Epoch 1 [20.3s]: train==[0.46925=0.46911 + 0.00014]
Epoch 2 [25.1s]: train==[0.21866=0.21817 + 0.00048]
      ...
Epoch 879 [81.6s + 31.3s]: test==[0.13271=0.12645 + 0.00626 + 0.00000], recall=[0.18201], precision=[0.05601], ndcg=[0.15555]
Early stopping is trigger at step: 5 log:0.18201370537281036
Best Iter=[38]@[32829.6]    recall=[0.51632], precision=[0.02945], ndcg=[0.22551]

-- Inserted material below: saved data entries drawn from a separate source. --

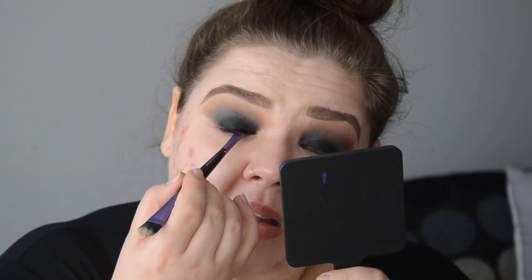Now I'm taking Inglot gel liner black 77 again. I'm going to add it on my waterline and I'm also going to tight line. I'm going to move on to my face. I'm taking Wet n Wild photo focus — this is not sponsored by the way, I wish it was. Catrice liquid camouflage to go under my eyes. I will take just the tiniest bit of RCMA no colour powder to set my concealer.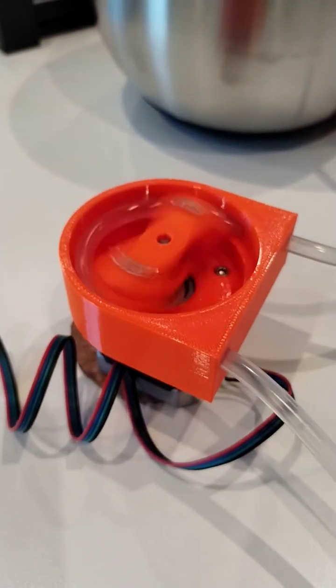So anyway, this is version 1. The first version I did with the rollers, the hose was coming off, so I did a concave part.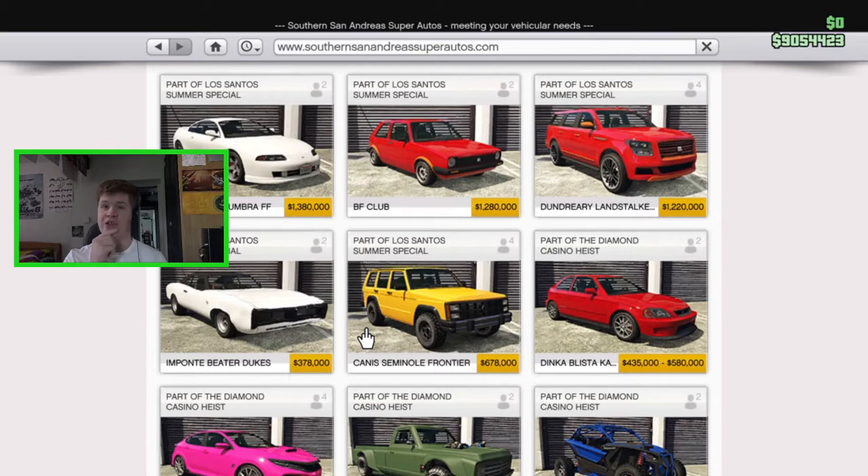I'm a big off-road car fan, so when I saw this thing was coming out I was super hyped. I always love new off-road vehicles in GTA, and this is a really cool one based on the Jeep Cherokee. It looks kind of similar to the Annis Hellion in my opinion, but it has loads of awesome customization — you can actually make it into a woody wagon if you want.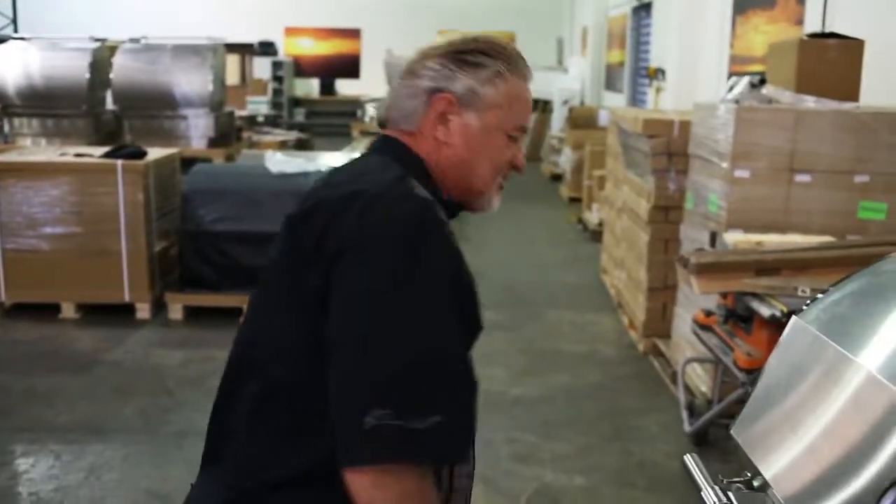Hey everybody, Muscle Wes here in Skunk Works where we craft and assemble the American Muscle Grill. Today I'm going to do a brief description on how we actually fill the Muscle Grill for grilling.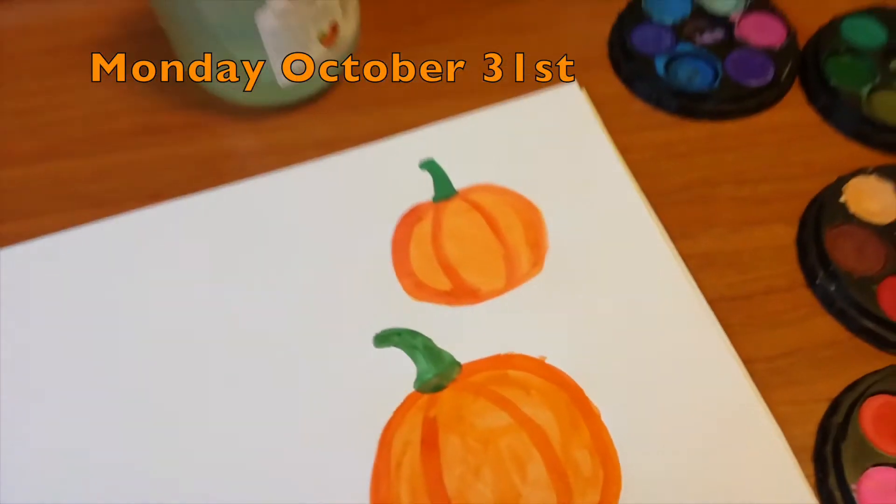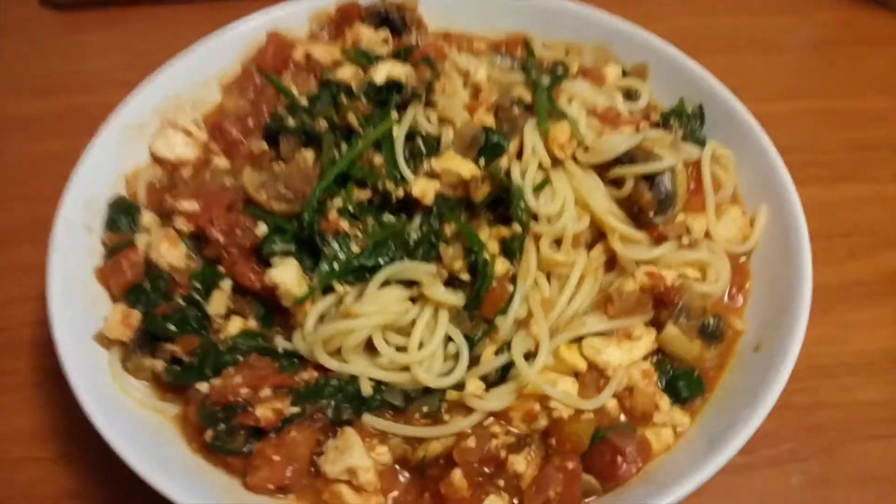I'm creating some pumpkins. Doesn't this look really good? Maybe I should start a cooking channel. It's really hot though. I love making my own food. I should do more on Halloween.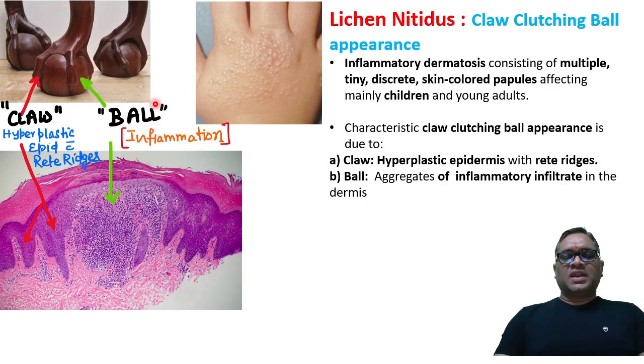In this high-yielding shot, I am going to tell you about lichen nitidus, a skin disorder with the nickname 'claw clutching ball appearance.' This is an inflammatory dermatosis seen in children, where you can notice multiple tiny discrete skin-colored papules on the hand. On microscopic examination, you can see why it is called the claw clutching ball appearance.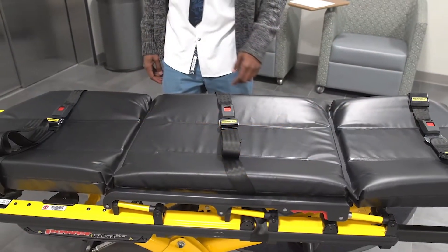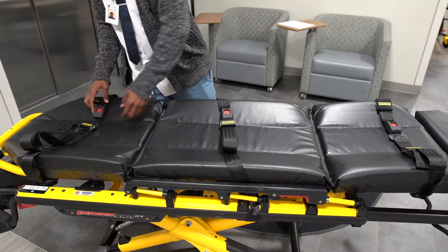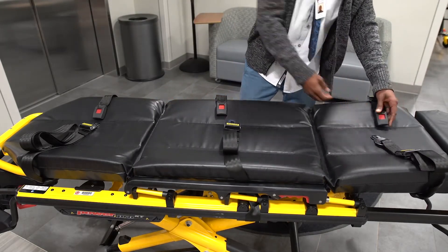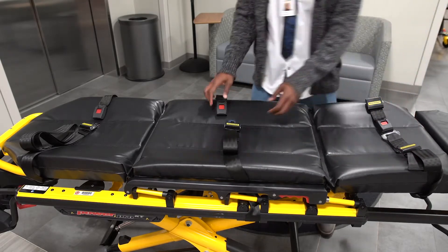This stretcher also comes with seat belts to help with movement restriction. To unfasten them, just press in the red buttons. And to fasten, slide the silver clip into the buckle until it stops.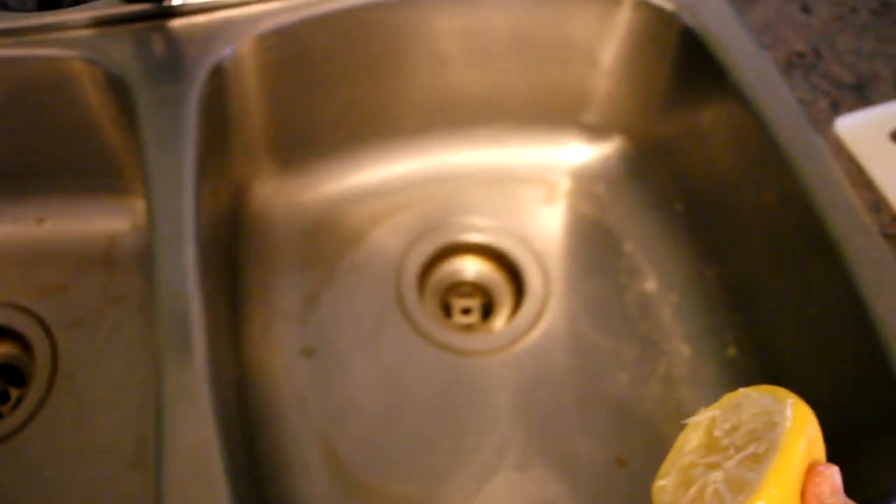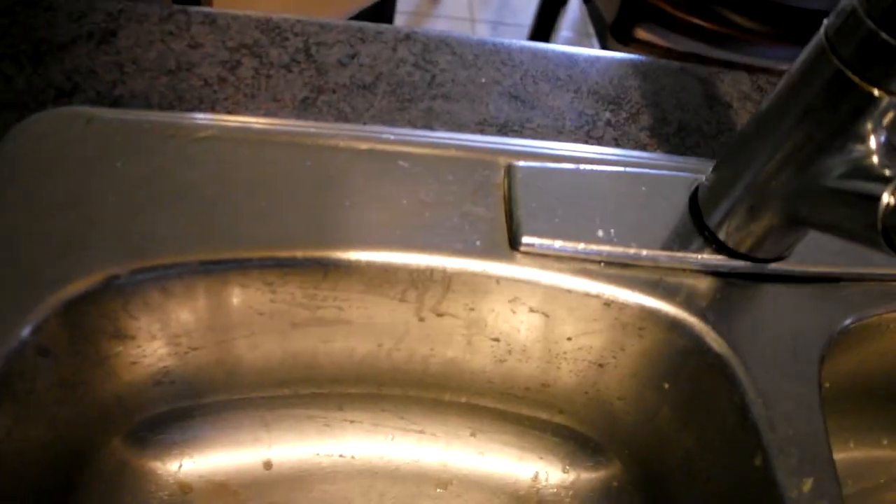Both parts have been cleaned. And I'll finish off with the outer part of the sink. I can already see it shining. I don't know if you see the difference — it's not so obvious, I guess, on film.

NOTE : the duration of training and testing depends on the running environment.

Dataset

We provide three processed datasets: Drug-Relation-90, Drug-Relation-180 and Drug-Relation-270.

  • train.txt

    • Train file.
    • Each line is a user with her/his positive interactions with items: userID\t a list of itemID\n.
  • test.txt

    • Test file (positive instances).
    • Each line is a user with her/his positive interactions with items: userID\t a list of itemID\n.
    • Note that here we treat all unobserved interactions as the negative instances when reporting performance.
  • item_item.txt

    • Item-Item relation file.
    • Each line is a item with its positive interactions with other items: itemID\t a list of itemID\n.
  • user_list.txt

    • User file.
    • Each line is a triplet (org_id, remap_id) for one user, where org_id and remap_id represent the ID of the user in the original and our datasets, respectively.
  • item_list.txt

    • Item file.
    • Each line is a triplet (org_id, remap_id) for one item, where org_id and remap_id represent the ID of the item in the original and our datasets, respectively.